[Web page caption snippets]
== Segment start ==
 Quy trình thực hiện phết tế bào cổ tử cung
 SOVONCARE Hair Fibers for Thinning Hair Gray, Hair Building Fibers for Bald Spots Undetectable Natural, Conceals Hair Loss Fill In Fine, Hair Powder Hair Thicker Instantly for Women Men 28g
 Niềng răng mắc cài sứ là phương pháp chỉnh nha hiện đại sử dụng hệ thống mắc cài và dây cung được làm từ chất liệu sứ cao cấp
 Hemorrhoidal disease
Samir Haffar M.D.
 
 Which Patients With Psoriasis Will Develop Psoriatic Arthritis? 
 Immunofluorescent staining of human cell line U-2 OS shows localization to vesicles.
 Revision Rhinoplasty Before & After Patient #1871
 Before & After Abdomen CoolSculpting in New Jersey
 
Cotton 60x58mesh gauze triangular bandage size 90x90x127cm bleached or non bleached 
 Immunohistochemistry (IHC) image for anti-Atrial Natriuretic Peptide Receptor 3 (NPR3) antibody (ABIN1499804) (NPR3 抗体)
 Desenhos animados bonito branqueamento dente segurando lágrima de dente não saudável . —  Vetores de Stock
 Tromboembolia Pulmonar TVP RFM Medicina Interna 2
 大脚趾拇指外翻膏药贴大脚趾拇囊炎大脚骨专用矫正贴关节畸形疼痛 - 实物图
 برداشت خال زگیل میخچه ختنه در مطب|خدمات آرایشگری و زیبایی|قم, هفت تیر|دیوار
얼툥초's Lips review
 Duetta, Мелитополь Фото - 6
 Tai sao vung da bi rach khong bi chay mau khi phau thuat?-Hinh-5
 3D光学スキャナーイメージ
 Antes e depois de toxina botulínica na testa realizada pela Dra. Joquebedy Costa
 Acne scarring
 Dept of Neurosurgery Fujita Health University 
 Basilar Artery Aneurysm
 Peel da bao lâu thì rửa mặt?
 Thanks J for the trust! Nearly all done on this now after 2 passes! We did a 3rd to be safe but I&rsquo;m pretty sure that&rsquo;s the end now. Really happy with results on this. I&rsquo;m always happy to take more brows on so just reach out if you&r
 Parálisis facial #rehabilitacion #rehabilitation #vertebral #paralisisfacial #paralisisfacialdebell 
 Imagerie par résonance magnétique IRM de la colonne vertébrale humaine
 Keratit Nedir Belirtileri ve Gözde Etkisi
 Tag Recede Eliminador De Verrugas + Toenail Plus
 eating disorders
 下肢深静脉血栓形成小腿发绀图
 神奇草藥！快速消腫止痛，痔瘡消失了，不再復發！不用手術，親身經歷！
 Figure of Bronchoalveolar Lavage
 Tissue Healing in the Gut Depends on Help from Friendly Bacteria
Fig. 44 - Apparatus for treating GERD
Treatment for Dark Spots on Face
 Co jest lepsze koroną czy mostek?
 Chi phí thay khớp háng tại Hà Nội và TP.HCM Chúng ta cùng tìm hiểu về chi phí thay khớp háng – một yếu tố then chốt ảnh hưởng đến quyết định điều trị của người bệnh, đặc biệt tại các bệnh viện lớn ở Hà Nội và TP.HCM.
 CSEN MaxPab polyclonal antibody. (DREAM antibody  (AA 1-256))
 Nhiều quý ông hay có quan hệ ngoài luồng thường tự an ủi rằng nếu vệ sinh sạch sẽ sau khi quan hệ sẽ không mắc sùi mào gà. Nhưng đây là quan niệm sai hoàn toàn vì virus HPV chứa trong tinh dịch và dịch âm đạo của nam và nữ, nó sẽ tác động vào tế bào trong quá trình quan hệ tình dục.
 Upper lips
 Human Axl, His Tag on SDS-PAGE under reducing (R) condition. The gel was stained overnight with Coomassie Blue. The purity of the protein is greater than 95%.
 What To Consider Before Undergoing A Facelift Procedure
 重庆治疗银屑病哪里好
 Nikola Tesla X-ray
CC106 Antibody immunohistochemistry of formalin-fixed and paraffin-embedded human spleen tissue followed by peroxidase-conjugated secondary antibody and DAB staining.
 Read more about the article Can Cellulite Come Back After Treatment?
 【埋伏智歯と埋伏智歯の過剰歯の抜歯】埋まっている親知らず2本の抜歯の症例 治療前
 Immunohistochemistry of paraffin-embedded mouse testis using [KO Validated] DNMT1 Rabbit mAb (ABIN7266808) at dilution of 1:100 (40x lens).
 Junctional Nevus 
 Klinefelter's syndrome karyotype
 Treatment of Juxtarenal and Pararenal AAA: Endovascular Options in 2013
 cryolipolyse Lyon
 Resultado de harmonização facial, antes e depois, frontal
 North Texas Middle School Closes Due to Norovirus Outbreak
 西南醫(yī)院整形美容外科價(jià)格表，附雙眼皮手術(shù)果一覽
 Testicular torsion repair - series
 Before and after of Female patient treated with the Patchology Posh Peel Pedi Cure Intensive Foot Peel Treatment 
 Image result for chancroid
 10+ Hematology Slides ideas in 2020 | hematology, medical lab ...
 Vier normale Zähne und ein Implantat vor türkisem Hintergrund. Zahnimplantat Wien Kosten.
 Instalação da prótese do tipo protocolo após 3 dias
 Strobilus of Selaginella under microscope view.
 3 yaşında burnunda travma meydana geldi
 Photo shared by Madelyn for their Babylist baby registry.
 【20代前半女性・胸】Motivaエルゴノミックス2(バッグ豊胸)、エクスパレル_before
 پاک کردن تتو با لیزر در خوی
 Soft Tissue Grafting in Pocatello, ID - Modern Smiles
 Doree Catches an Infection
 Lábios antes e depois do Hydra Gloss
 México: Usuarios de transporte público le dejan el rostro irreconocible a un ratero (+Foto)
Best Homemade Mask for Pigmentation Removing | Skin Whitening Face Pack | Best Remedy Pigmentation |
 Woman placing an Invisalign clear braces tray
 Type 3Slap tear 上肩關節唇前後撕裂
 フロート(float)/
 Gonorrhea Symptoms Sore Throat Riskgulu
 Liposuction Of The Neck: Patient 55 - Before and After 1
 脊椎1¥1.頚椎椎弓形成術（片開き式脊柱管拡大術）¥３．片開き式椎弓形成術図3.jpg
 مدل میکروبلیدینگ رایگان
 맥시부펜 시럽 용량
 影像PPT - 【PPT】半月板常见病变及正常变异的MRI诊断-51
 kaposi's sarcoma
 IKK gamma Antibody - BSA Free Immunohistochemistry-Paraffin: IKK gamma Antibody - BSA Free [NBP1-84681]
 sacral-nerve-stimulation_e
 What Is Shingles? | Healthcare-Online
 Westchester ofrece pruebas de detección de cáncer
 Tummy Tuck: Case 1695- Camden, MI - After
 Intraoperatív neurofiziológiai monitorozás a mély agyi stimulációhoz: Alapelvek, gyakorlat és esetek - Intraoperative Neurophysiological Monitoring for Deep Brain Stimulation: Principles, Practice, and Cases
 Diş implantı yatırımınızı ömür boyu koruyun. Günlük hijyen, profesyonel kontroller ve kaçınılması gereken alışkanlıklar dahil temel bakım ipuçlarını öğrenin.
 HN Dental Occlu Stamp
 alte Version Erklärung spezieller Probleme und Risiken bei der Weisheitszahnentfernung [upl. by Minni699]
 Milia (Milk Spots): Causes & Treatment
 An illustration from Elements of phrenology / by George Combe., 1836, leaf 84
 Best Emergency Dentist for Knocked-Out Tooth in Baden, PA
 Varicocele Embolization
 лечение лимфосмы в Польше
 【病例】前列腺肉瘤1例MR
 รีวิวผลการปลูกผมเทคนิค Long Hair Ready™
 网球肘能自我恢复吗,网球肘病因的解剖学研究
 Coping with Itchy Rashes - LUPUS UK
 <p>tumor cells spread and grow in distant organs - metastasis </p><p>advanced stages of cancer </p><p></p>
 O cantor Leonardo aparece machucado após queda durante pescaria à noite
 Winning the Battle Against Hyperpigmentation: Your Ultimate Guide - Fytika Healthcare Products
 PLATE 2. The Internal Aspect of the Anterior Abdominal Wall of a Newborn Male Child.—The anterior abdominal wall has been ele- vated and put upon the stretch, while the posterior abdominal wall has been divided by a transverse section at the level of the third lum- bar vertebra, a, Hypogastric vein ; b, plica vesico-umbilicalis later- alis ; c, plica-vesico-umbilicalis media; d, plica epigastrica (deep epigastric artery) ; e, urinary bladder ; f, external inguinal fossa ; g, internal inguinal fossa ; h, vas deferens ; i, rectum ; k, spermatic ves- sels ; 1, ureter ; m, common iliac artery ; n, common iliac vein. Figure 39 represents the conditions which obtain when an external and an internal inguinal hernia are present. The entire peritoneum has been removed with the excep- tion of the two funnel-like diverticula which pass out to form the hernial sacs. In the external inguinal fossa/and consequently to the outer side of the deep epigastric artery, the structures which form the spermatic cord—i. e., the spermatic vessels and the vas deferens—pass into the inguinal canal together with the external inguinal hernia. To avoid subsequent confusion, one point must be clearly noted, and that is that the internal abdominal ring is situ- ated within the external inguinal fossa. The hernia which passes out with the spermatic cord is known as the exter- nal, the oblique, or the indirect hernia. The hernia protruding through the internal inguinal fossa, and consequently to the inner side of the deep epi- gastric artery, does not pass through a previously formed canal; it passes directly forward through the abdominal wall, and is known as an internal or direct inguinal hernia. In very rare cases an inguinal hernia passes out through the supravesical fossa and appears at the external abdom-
== Segment end ==
What is expected: Start with the line above that contains "网球肘能自我恢复吗,网球肘病因的解剖学研究" and stop after the line that contains "Winning the Battle". Output those lines exactly, and only those.

Solution for this problem:
 网球肘能自我恢复吗,网球肘病因的解剖学研究
 Coping with Itchy Rashes - LUPUS UK
 <p>tumor cells spread and grow in distant organs - metastasis </p><p>advanced stages of cancer </p><p></p>
 O cantor Leonardo aparece machucado após queda durante pescaria à noite
 Winning the Battle Against Hyperpigmentation: Your Ultimate Guide - Fytika Healthcare Products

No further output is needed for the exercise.